Jovanotti canta a Cuba
Si svolgerà domani all'Avana organizzato dal cantante colombiano Juanes un concerto senza precedenti per Cuba: insieme a 14 artisti, fra cui Jovanotti, intende lanciare un ponte fra l'isola e Miami, dove vivono più di un milione di esuli cubani. Sono previste oltre 600 mila persone, alle quali gli organizzatori hanno chiesto di vestire di bianco come simbolo della pace, che riempiranno la Plaza de la Revolucion, che undici anni fa ha accolto un altro evento storico: la messa di Papa Giovanni Paolo II.

Il palcoscenico è stato allestito nello stesso posto dove era l'altare. «La musica non può rispettare un embargo. Lo rispettino i politici, gli artisti non possono rispettarlo», dice Jovanotti all'Ansa al suo arrivo all'Avana. «Avendo conosciuto esuli cubani, so quanto dolore ci sia e quanti problemi esistano e come una famiglia che si divide sia un dramma», aggiunge il cantante, che dice di amare l'isola (dove nel 1995 fece un concerto) in maniera romantica e non ideologica. «C'è una speranza - dice - che la musica possa in qualche modo allentare anche solo per un ora queste tensioni, e contribuire a un cambio di mentalità a un cammino che è necessario» e insiste sulle necessità del cambiamento che, in ogni caso, sono inarrestabili. E fa l'esempio dell'accesso alla Rete: «Mi sembra una cosa assurda che, nel 2009, un ragazzo viva in un posto dove non ha accesso a Internet». Per l'artista, che incontrerà la blogger Yoani Sanchez, «la presenza stessa degli artisti, la loro musica, sono una testimonianza di lotta per la libertà anche a nome dei prigionieri politici». Il dissidente Osvaldo Payà, in una nota, ha definito uno 'uno scandalò il fatto che il concerto sia dedicato alla pace e non ai prigionieri, i cui familiari hanno esortato gli artisti a chiederne dal palco la liberazione. Il cantante colombiano Juanes, autore di 'Camisa Negra', è stato contestato a Miami, dove risiede, per la sua decisione di cantare per la pace. Per Juanes, il concerto è un modo per cominciare a creare una unione fra Miami e l'isola. Il concerto, a spese degli artisti (Juanes avrebbe speso 300 mila dollari), non avrà presentatori, come richiesto dal colombiano affinchè sia neutrale, nè «messaggi politici di nessun tipo», ha detto Juanes, il quale ha invitato gli spagnoli Miguel Bose e Luis Eduardo Aute. Fra gli artisti cubani, nessuno critico con il governo, Silvio Rodriguez, i Van Van e Amaury Perez, il quale assicura che «Cuba non ha posto alcuna condizione a Juanes».

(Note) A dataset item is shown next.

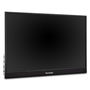 Monitor ViewSonic VX1755 17" LED IPS LCD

Jovanotti sarà per la prima volta senza la sua band: canterà 'Penso positivo' e 'L'ombelico del mondo'. «Mi sento un ospite e cercherò di disturbare il meno possibile», spiega. Un totale di 128 persone fra tecnici e musicisti sono giunti per il concerto, che conterà con moderni sistemi audio, in parte arrivati dagli Stati Uniti, dopo che Juanes ha chiesto personalmente l'autorizzazione per il trasporto al segretario di stato Usa Hillary Clinton. Il concerto, trasmesso in diretta tv, durerà più di 4 ore a partire dalle 14.00 ore locali (le 20.00 ore italiane), per il fuso orario europeo e per risparmiare il costo dell'eventuale illuminazione.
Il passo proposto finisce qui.